Here the job is to copy the data exactly and to exclude every image from it.
····················
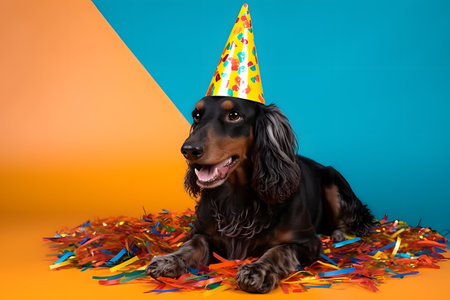 Funny and friendly cute dog (Dachshund) wearing a brithday party hat in studio, on a vibrant, colorful background. Created with generative AIの素材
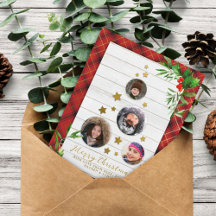 White Wood & Red Plaid | Christmas Tree 4 Photo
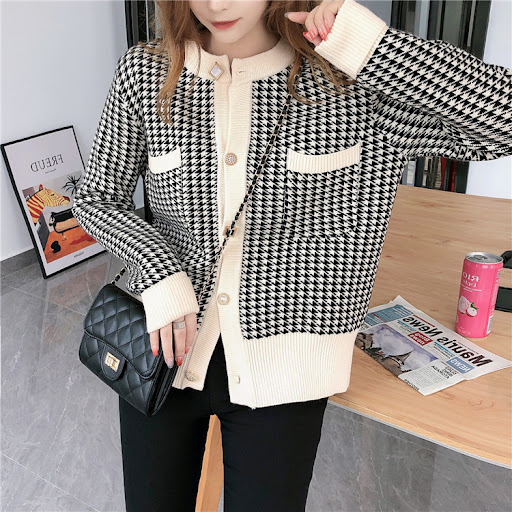 Title 2, Houndstooth Sweater Cardigan Korean Version Sma...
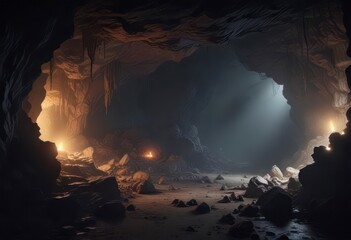 Fototapeta premium Darkened cave with glowing eyes, eerie atmosphere, flying animals, halloween bats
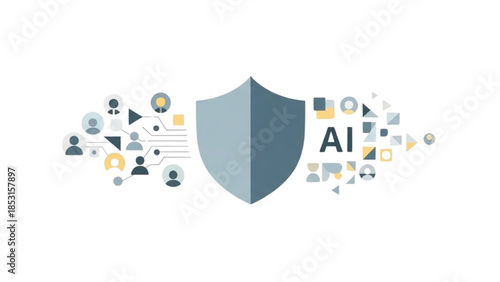 Conceptual illustration of data security protecting artificial intelligence and digital network privacy in the modern world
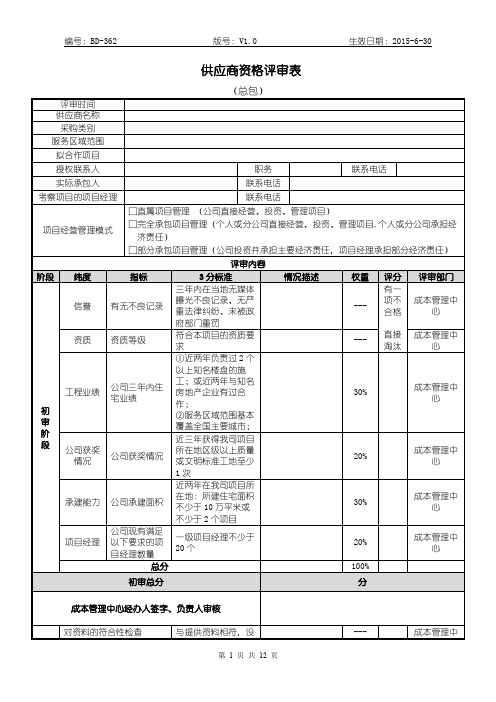 招标 采购 供应商资格评审表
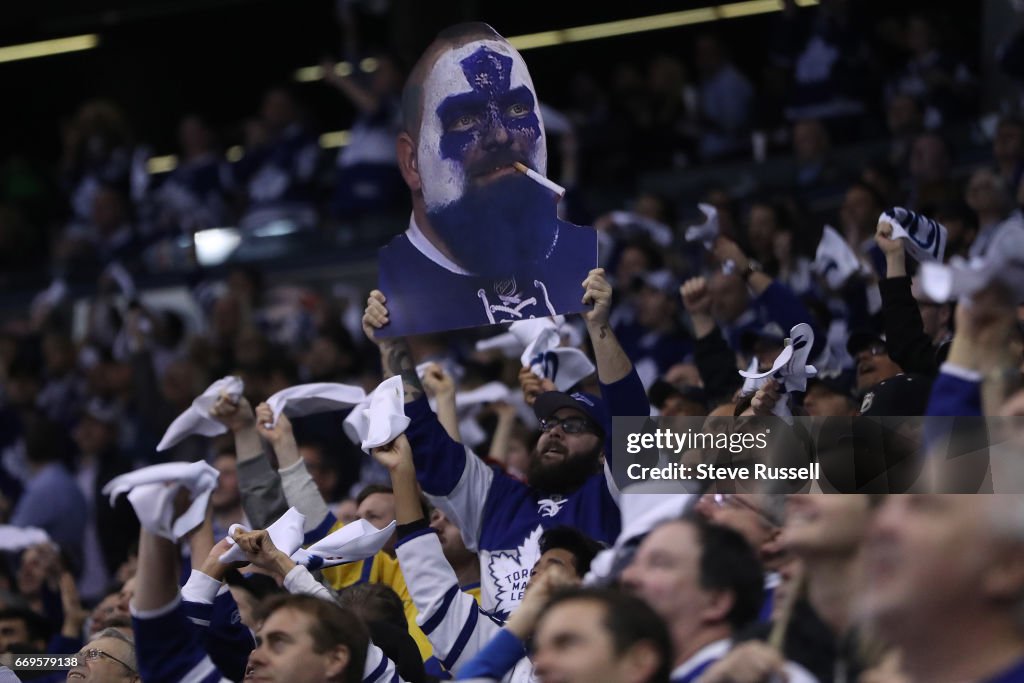 Toronto Maple Leafs play the Washington Capitals in game three of their NHL first round play-off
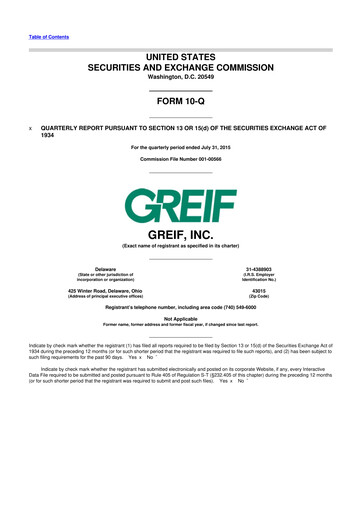 Thumbnail Greif 10-Q Quarterly Report FY2015 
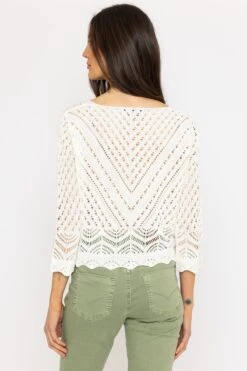 Crochet V-Neck Knit In Ecru -Fashion Clothing Accessories Store carraig donn crochet v neck knit in ecru 788006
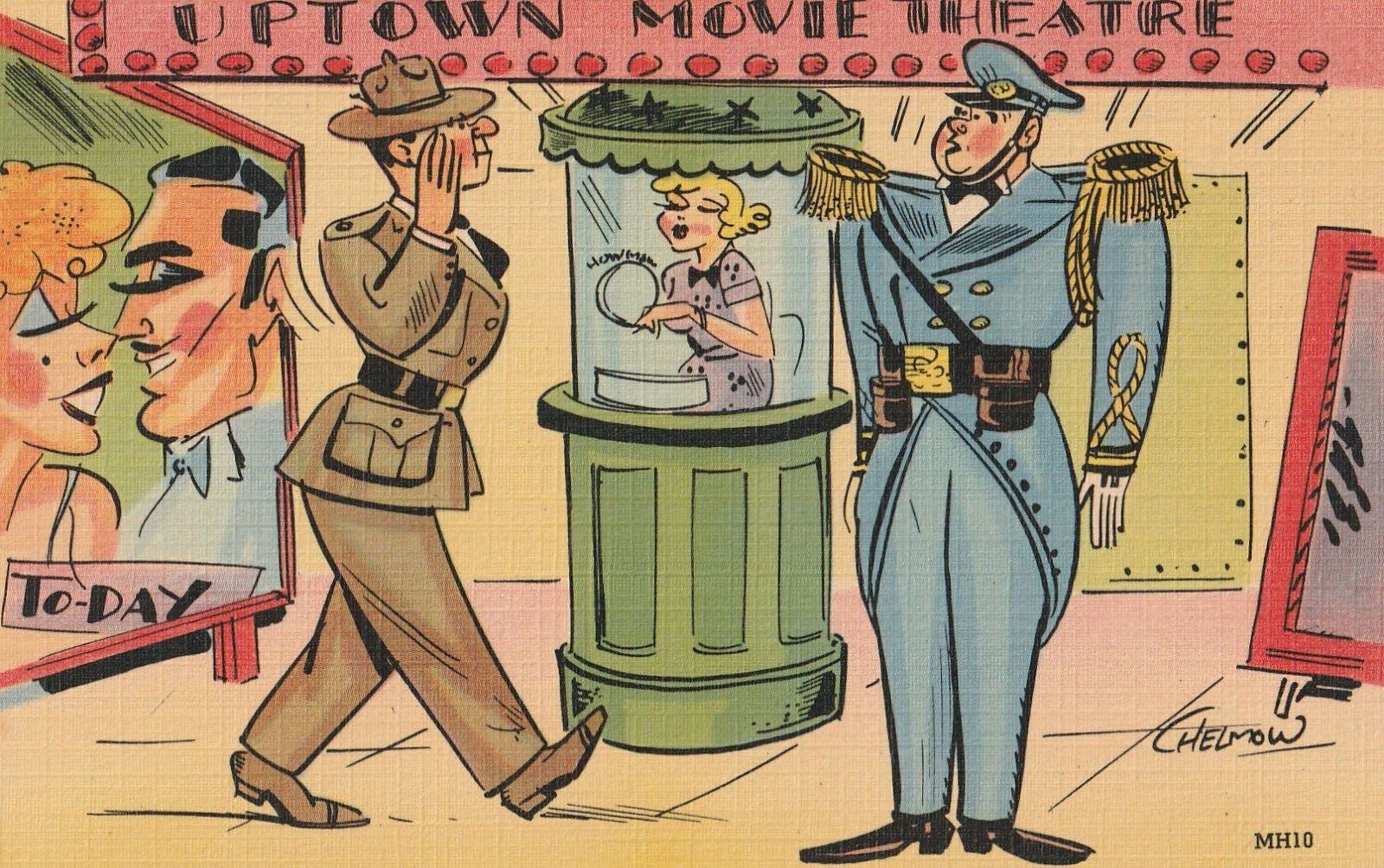 Vintage WW2 Linen Postcard Tichnor Uptown Movie Theatre Military Army Art Unused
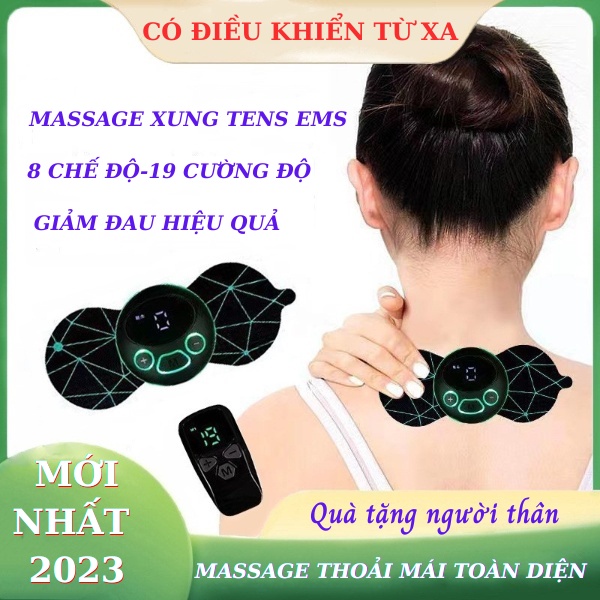 Máy Massage Xung Điện EMS Có Điều Khiển Từ Xa,Máy Massage Cổ Vai Gáy Bằng Xung Điện,màn Hình LED 8 chế độ-19 cường độ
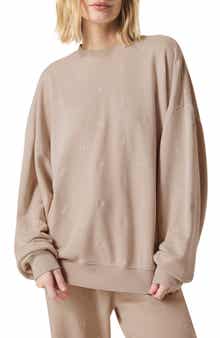 Splendid Elise Embroidered Oversize Sweatshirt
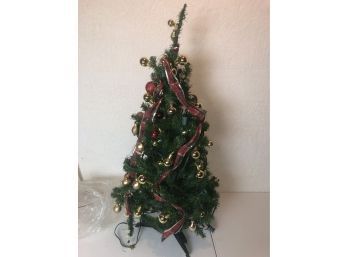 3FT Decorative Christmas Tree With Ribbon And Bulb Sockets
····················
Solution below —
 Funny and friendly cute dog (Dachshund) wearing a brithday party hat in studio, on a vibrant, colorful background. Created with generative AIの素材
 White Wood & Red Plaid | Christmas Tree 4 Photo
 Title 2, Houndstooth Sweater Cardigan Korean Version Sma...
 Fototapeta premium Darkened cave with glowing eyes, eerie atmosphere, flying animals, halloween bats
 Conceptual illustration of data security protecting artificial intelligence and digital network privacy in the modern world
 招标 采购 供应商资格评审表
 Toronto Maple Leafs play the Washington Capitals in game three of their NHL first round play-off
 Thumbnail Greif 10-Q Quarterly Report FY2015 
 Crochet V-Neck Knit In Ecru -Fashion Clothing Accessories Store carraig donn crochet v neck knit in ecru 788006
 Vintage WW2 Linen Postcard Tichnor Uptown Movie Theatre Military Army Art Unused
 Máy Massage Xung Điện EMS Có Điều Khiển Từ Xa,Máy Massage Cổ Vai Gáy Bằng Xung Điện,màn Hình LED 8 chế độ-19 cường độ
 Splendid Elise Embroidered Oversize Sweatshirt
 3FT Decorative Christmas Tree With Ribbon And Bulb Sockets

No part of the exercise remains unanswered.